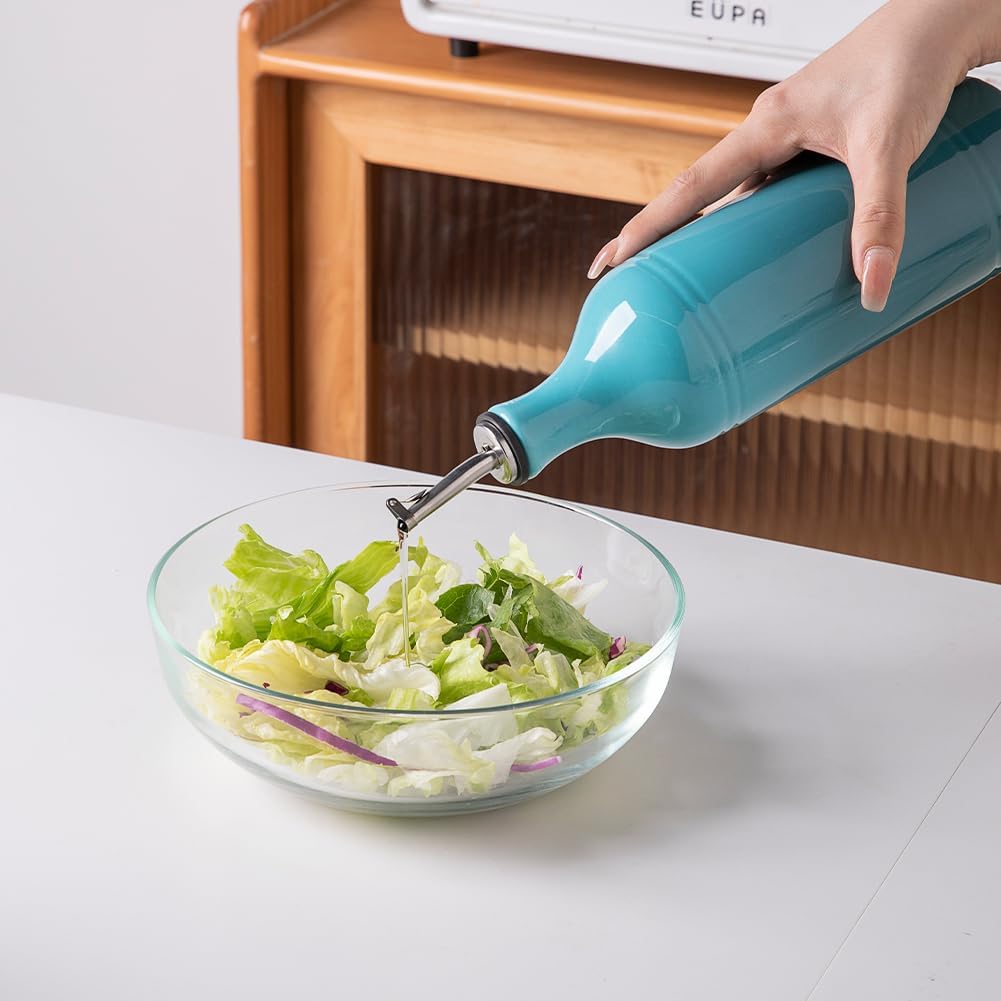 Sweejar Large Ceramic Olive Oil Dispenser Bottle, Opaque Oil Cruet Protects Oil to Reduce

---

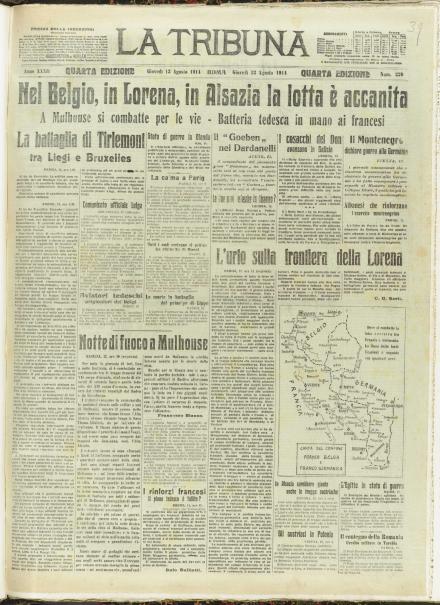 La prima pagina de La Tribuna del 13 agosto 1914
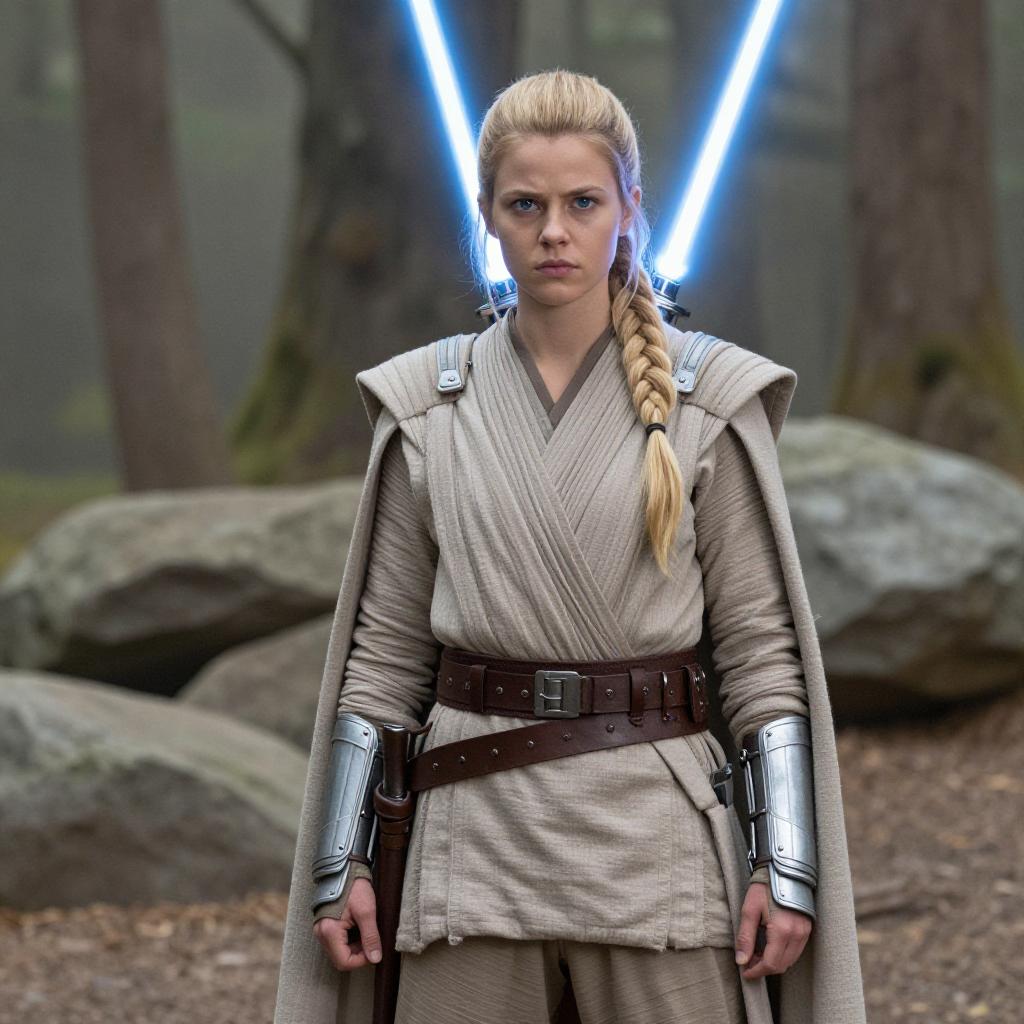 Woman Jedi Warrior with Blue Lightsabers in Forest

Required action ->
The lines above from the line with "La prima pagina" through the line with "Woman Jedi Warrior" are to be given again word for word, with no pictures among them.

Expected answer ->
 La prima pagina de La Tribuna del 13 agosto 1914
 Woman Jedi Warrior with Blue Lightsabers in Forest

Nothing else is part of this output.